2) Learning Strategies or “Habits of Mind” – We knew that this was one of the key pieces of both whole group instruction and small group intervention. We wanted to really explore the importance of thinking processes and metacognition as a way to address learning both proactively and responsively. We knew we wanted to develop familiarity with these key processes and connect them to curricular outcomes in each subject area. We also wanted to frame them in relation to feedback, reflection and goal setting. Most importantly, we wanted to connect them to actual students and allow time for reflection on which processes may need to be taught and reinforced in order to increase learning.

3) Small group, Tier One intervention in a whole class setting – We wanted to end the day by thinking about how we structure our class time and the instructional approaches we use in order to maximize learning by each and every student. We were aware that teachers offer targeted intervention and instruction to small groups at recess, noon hour and after school. However, we wanted to talk about how teachers could structure their actual class time to allow for some of this work. The idea harkens back to our work on differentiated instruction but it moves beyond flexible groupings as part of a whole group approach. We wanted to connect the thinking habits to the idea of targeted, teacher-directed small group work. Based on our achievement data, we know we are reaching 70% of students most of the time through our whole group approaches. But that still leaves 30% who we aren’t reaching and that number is too large to leave up to whole group approaches. So we needed to talk about how we use our class time to address the gaps.

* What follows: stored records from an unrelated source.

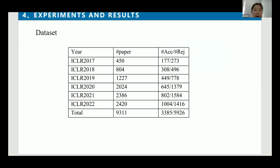The fourth part is experiments and results. We conduct experiments on a six-year paper dataset from the top conference ICLR to verify the performance of our model for predicting the acceptance of papers. Table 1 shows the detailed statistics of this dataset, where samples are randomly shuffled before dividing the dataset. We follow a 6:1:1 ratio, meaning 600, 100, and 100 papers are used as the training, validation, and test sets respectively.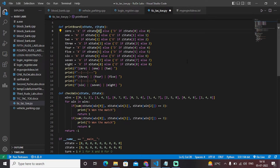Secondly, we have the check_win function. In check_win we pass two parameters: x_state and z_state. This function checks the winner, as the name suggests.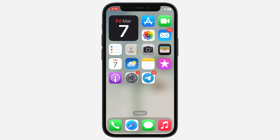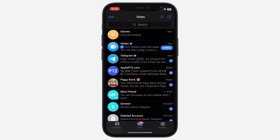First, open the Telegram app on your device. Make sure you're logged into your account. The QR code scanner is built into the Telegram app, so you need to be inside Telegram to access it.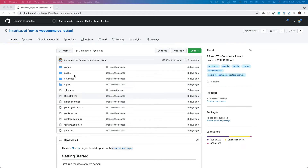Hello and welcome everyone to another episode of React WooCommerce theme. In the previous video we learned about how to fetch the header from WordPress, and in this video we're going to learn about how to display that onto the front end.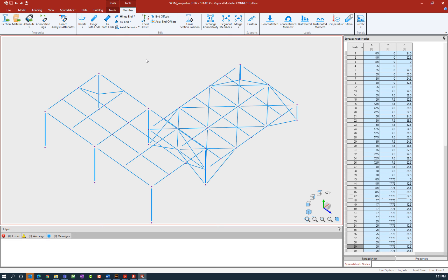Now that we've gone over how to navigate the graphical user interface in the STAAD Pro Physical Modeler, let's go over our goals for the next series of videos. We're going to show you how to assign properties to both members and nodes, including creating groups and assigning member descriptions to make selection easier. This will include assigning specifications to nodes such as supports and nodal relationships, and assigning specifications and properties to members including standard and prismatic section properties, member rotation, longitudinal axis information, member end fixity, axial behavior, and cross-sectional position and offsets.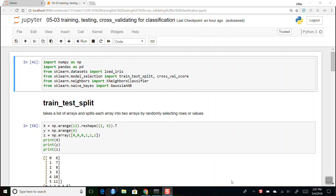I want to take a look at a few packages or functions. We'll look at some classification data. I'm importing NumPy, Pandas, load_iris to get our iris data. From model_selection, we'll take train_test_split, cross_val_score, KNeighborsClassifier, and maybe the Gaussian Naive Bayes classifier. All of these things you can just look up in the scikit-learn help documentation.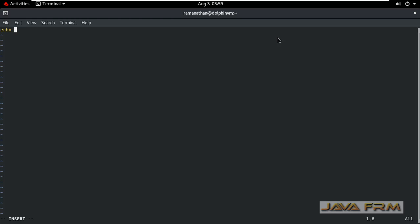This is the command to create shell script file. Using vim editor I am creating a shell script file. I am typing some commands here.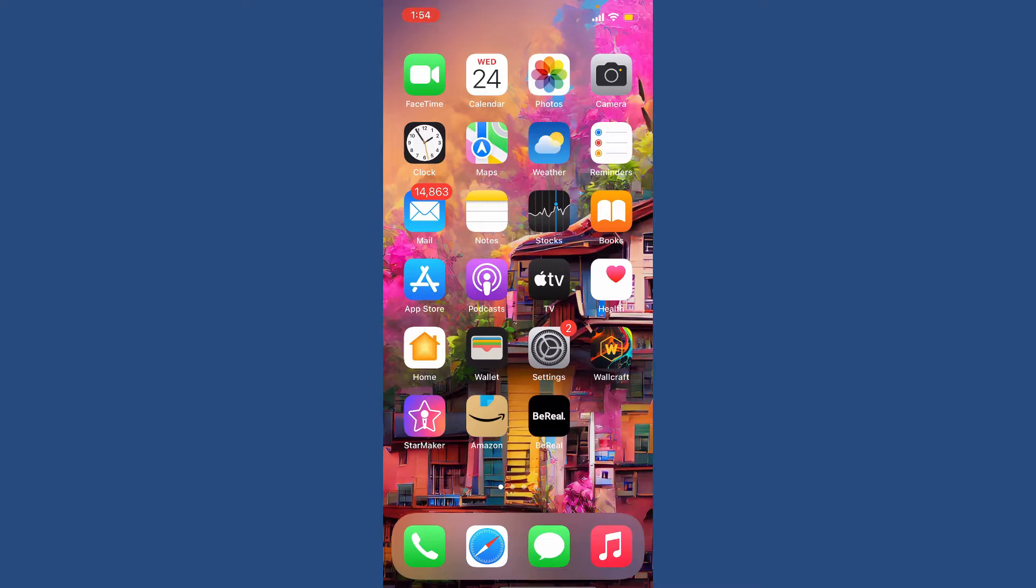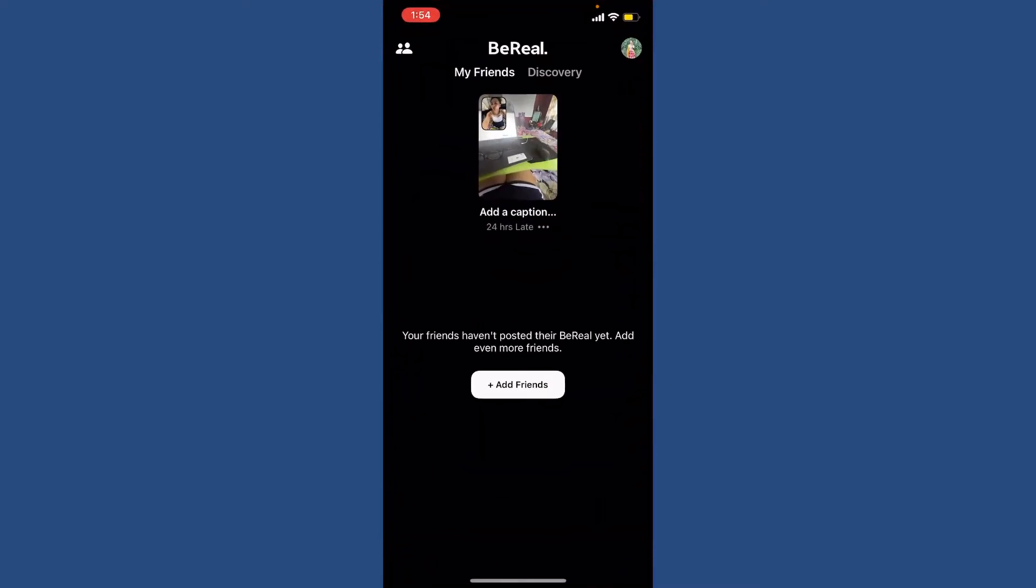In order to delete your BeReal account, first open up your BeReal application. Make sure that you're logged into your account as well. Once you are, from the main home page of BeReal, tap on your profile picture at the top right-hand corner.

In my next post, I will share how we ended up structuring our workshop day to try to address all these lofty goals. In a subsequent post, I will explore what we learned, both as expected and by surprise and some of the responses of the participants. For those of you who engage in experiences like these, you understand that these blogs capture the learning through select lenses. Actual personal experiences are as vast as each person who was involved. However, my own reflection and observations have helped me to think about the future and these personal thoughts are what I am working through.

PD for an Entire Division: Part One – The Set Up

This year, our team made the decision to host one workshop day for every teacher in our school division in order to look at student data. In our most creative moment (enter sarcasm), we called these days Data Days. As I type this introduction, I can almost hear the gasps – PD for everyone? Where every teacher listens to the same thing? More sit and git (or whatever else we call terrible PD these days)? And about data…the dreaded data that hinders real student learning? Well, I know we worked pretty hard to make sure our Data Days were responsive, constructive, applicable and personal. And, while each teacher who has attended will have all sorts of perspectives on our success, I can only offer my perspective and thoughts (based on reflection, feedback, follow up emails and conversations) about why I feel this has been an incredible journey despite the “whole group” beginnings and my own personal anxieties about doing this with any success.

First of all, the planning team consisted of three coordinators – our Early Learning Coordinator, our Continuous Improvement Coordinator and me (Coordinator of Curriculum, Instruction and Assessment). We later added one Superintendent, who shares provincial and divisional data at the beginning of each Data Day. We rounded out the facilitation team with the addition of one learning coordinator at each day as well as one IT support person to ensure we could access our data electronically. Finally, and on a very positive note, our Director and all three Superintendents of Schools have ended up attending days here and there and have immersed themselves in working groups, co-constructing with teachers. While this could have been intimidating for teachers and boring for these leaders, it has turned out to be incredibly positive for shared understanding and relationship-building as well as very supportive to the Early Learning Coordinator and me, who have facilitated each day.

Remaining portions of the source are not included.